For Renault, another major factor is the chaos surrounding its corporate alliance with Japanese automakers Nissan and Mitsubishi after the arrest and prosecution of former chairman Carlos Ghosn.
“Le Cost Killer,” as Ghosn was affectionately known in financial circles, exercised an unprecedented personal control over the alliance, which he engineered in the 1990s. He was arrested by Japanese police in 2018 on allegations of financial misconduct and fraud, including misusing tens of millions of company dollars for private jets, yachts, overseas residences and investment in his son’s company. Since his ouster, Nissan’s financial performance has plummeted. The company’s stock is at its lowest in 10 years, and Nissan last week cut its profit forecast for the year by 43 percent.
While the charges against Ghosn are certainly credible, they emerged out of a bitter conflict within Nissan’s top executives, who secretly began an internal investigation against him. Nissan executives blame the company’s disastrous performance on Ghosn’s policy of aggressive expansion.
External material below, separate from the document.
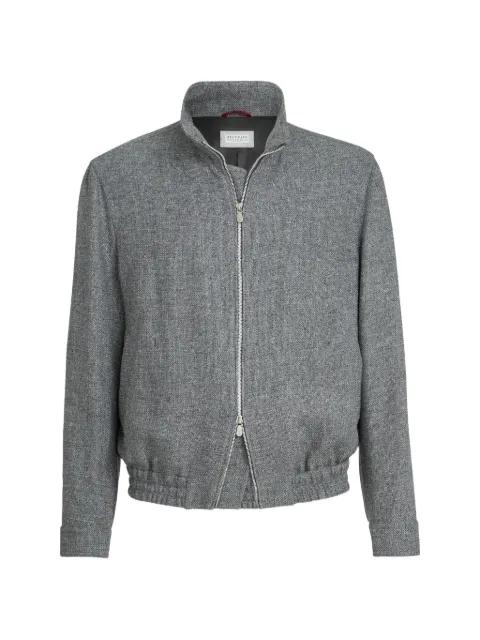 mélange-effect zip-up jacket by BRUNELLO CUCINELLI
Another major point of friction between Renault and Nissan is the imbalanced cross-ownership between the two companies. Renault owns 43 percent of Nissan, but Nissan owns only 15 percent of Renault and has no voting rights. Nissan has pushed for years to get Renault to reduce its stake.
Ghosn, who escaped from house arrest last year and fled Japan for Lebanon, where he holds citizenship, has used extremely favorable treatment in the Western media to present himself as the victim of a conspiracy and denounce Nissan’s current top leadership and the Japanese legal system.